YOUR OBJECTIVE: Transcribe the data exactly, omitting whatever pictures it holds.

SUPPLIED INFORMATION:
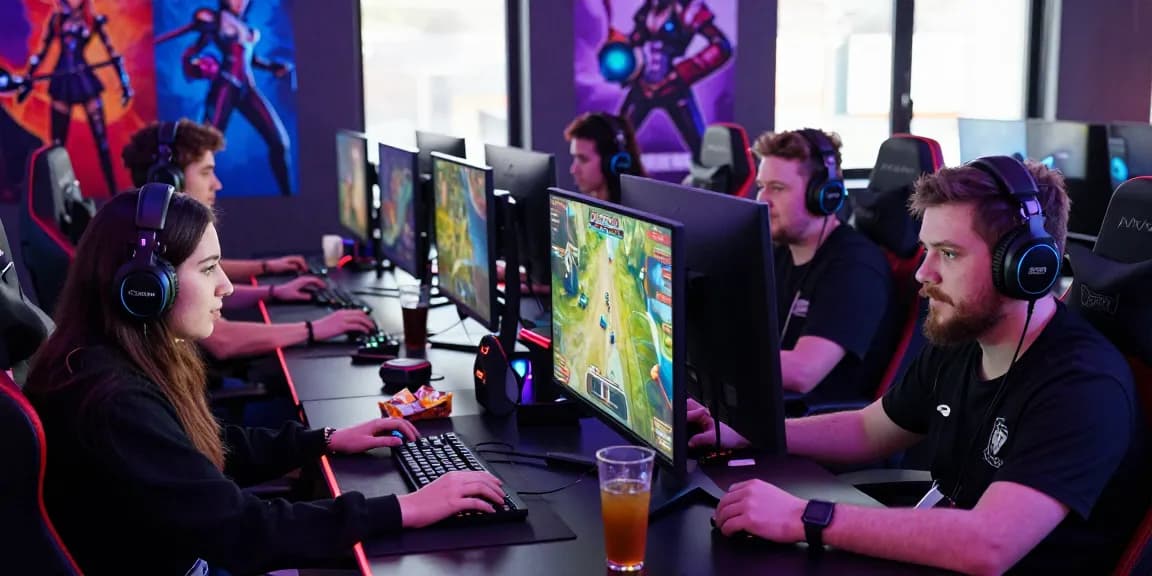 Players engaged in a thrilling gaming session showcasing the rokok88 login experience with vivid graphics and dynamic elements.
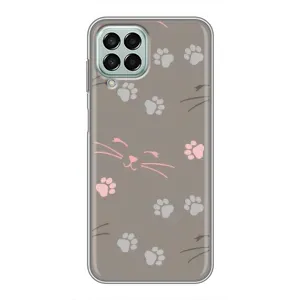 Чехол с рисунком кот на Samsung Galaxy M33 (5G) (M336B) (Лапы и усы)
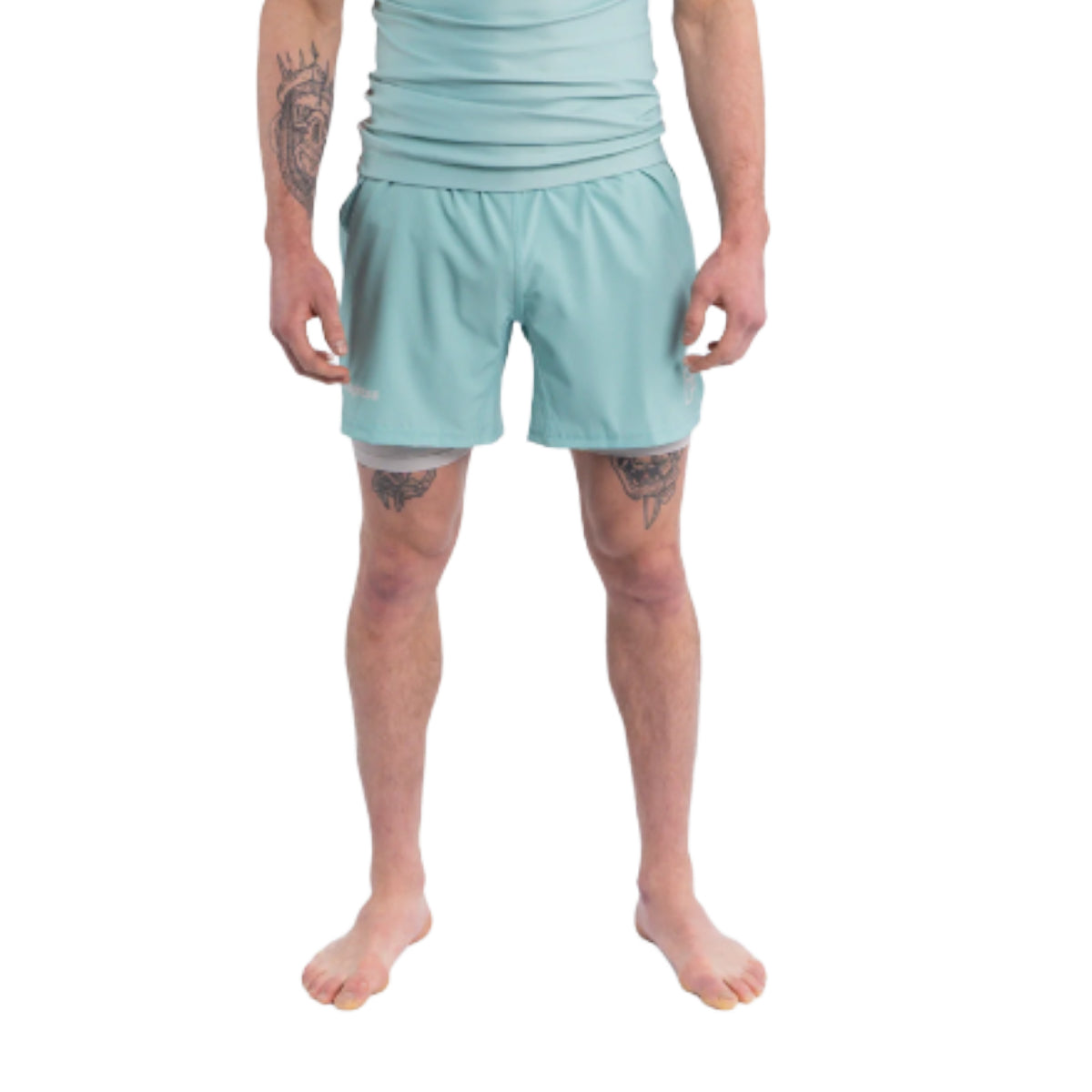 Progress Academy+ Hybrid Shorts Mint/Bone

ANSWER SECTION:
 Players engaged in a thrilling gaming session showcasing the rokok88 login experience with vivid graphics and dynamic elements.
 Чехол с рисунком кот на Samsung Galaxy M33 (5G) (M336B) (Лапы и усы)
 Progress Academy+ Hybrid Shorts Mint/Bone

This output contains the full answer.